Research has shown that the shape of the brain’s folds has a major impact on the ‘performance’ of the brain. Just as the shape of a bell determines the sound of a bell, the shape of the brain’s folds can affect the flow of brain waves generated by nerve cells in the brain. This is the first study to show that brain wrinkles are associated with better brain function.
A research team led by Professor James Peng from Monash University in Australia published the results of a study containing these findings in the international journal Nature on the 31st (local time).
There are two main physical structures that can affect brain function. The structure of the brain folds and nerve cells in the brain. Previously, academics speculated that the ‘connectome’, a connected form of nerve cells in the brain, would have a greater influence on brain function than the shape of the brain’s surface.
The research team hypothesized that wrinkles on the surface of the brain could affect brain function as much as the composition of neurons in the brain. To test the hypothesis, a comparative analysis was carried out to determine which of the outer cortical folds and connectivity had a greater influence on brain function.
In the experiment, it was confirmed how each connectome and cortical folds affect the movement of brain waves that influence brain function. After collecting more than 10,000 images of brain activity using a magnetic resonance imaging (MRI) device, they analyzed how the brain’s folds and the shape of the connective tissue function in transmitting brain waves.

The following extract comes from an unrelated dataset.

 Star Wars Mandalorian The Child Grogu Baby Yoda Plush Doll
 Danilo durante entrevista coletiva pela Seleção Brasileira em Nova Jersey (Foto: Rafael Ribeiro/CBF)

As a result of the analysis, it was found that the shape of the brain’s folds affects the movement of the EEG more. Nerve cells that produce brain waves generate current to transmit signals to other nerve cells, and the flow of this current varies greatly depending on the shape of the folds of the brain. The research team compared this principle to the change in sound waves depending on the shape of a bell.
Some researchers were skeptical about the results of this study. David Van Essen, a professor at the University of Washington in the United States, pointed out the limitations, saying, “In this study, only a very limited part of the cerebral cortex was observed and changes in brain function were observed.”
To support the results of this study, the research team tried, but failed, to model idealized brain wrinkles related to the smooth movement of brain waves. The research team explained, “The shape of each person’s cerebral cortex is so different that it is difficult to compare and analyze.”